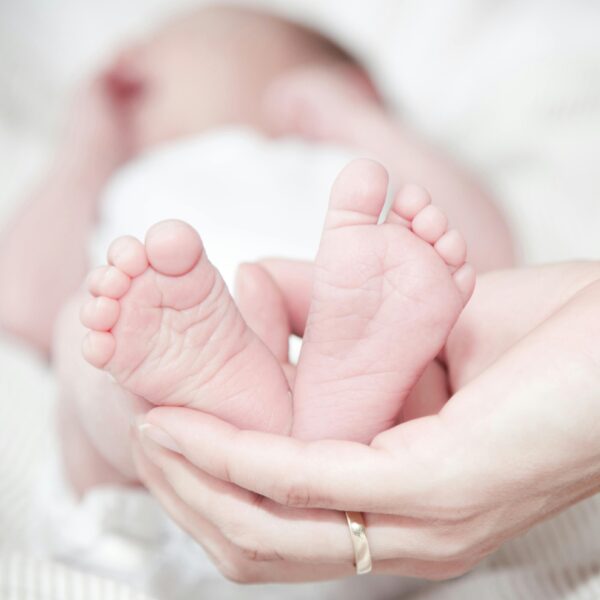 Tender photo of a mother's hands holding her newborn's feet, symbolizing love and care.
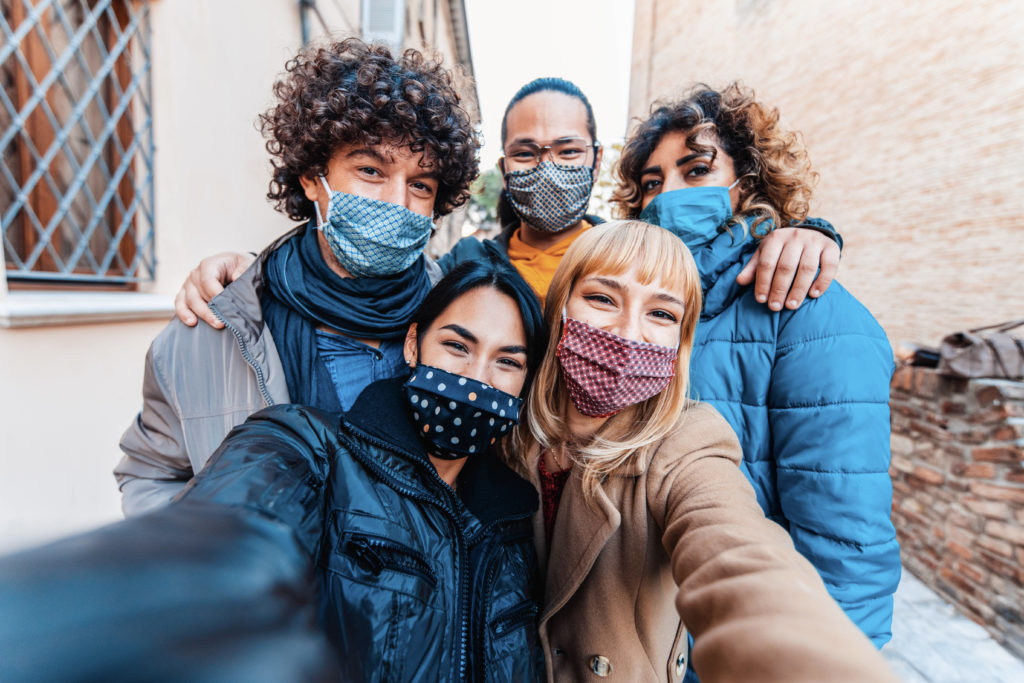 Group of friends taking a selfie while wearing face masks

....................

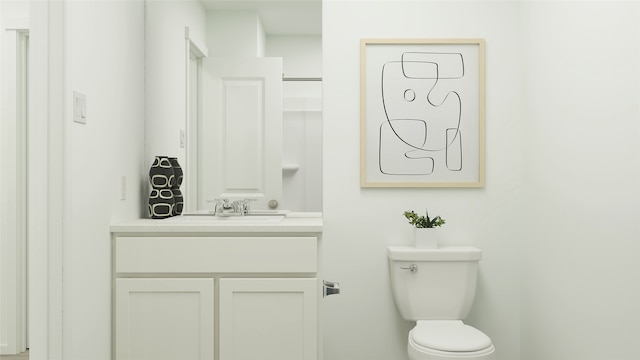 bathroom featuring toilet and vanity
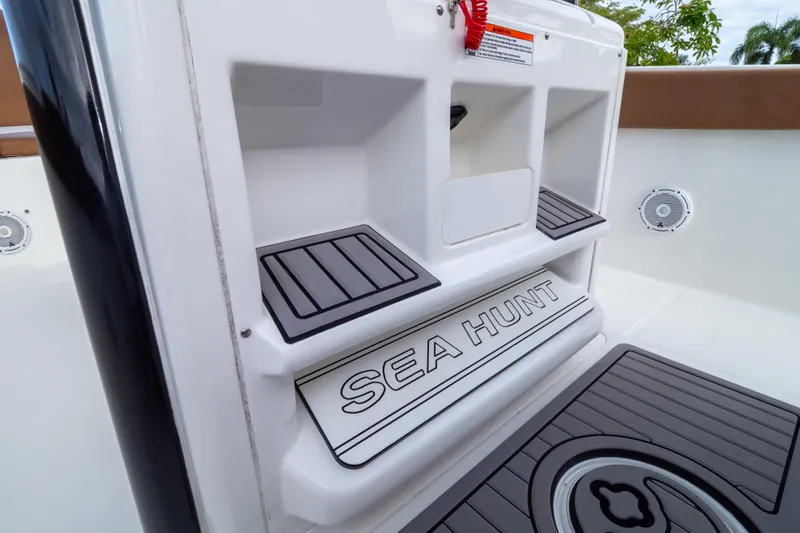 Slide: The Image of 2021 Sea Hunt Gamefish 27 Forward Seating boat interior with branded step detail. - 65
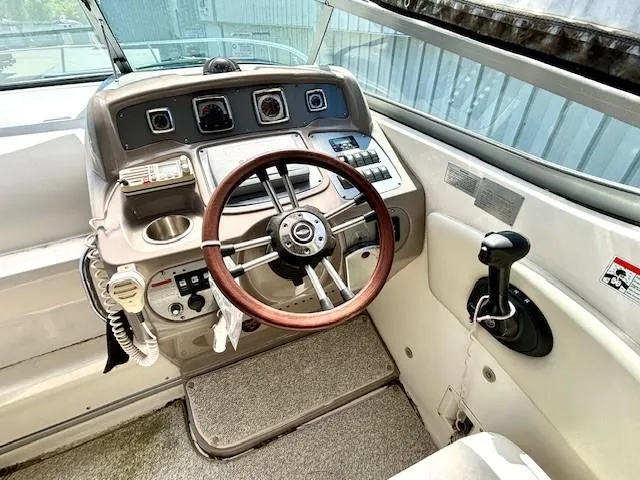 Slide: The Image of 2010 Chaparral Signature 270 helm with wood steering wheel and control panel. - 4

....................

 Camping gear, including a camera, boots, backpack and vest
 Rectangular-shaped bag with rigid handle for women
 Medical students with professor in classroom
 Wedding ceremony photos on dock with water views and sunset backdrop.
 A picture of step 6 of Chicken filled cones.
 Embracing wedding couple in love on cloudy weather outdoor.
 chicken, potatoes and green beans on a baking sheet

....................

(Work task) Copy nothing but the lines above from the one with "bathroom featuring toilet and vanity" to the one with "Slide: The Image of 2010", inclusive, word for word. Leave every picture out.

(Response to the exercise)
 bathroom featuring toilet and vanity
 Slide: The Image of 2021 Sea Hunt Gamefish 27 Forward Seating boat interior with branded step detail. - 65
 Slide: The Image of 2010 Chaparral Signature 270 helm with wood steering wheel and control panel. - 4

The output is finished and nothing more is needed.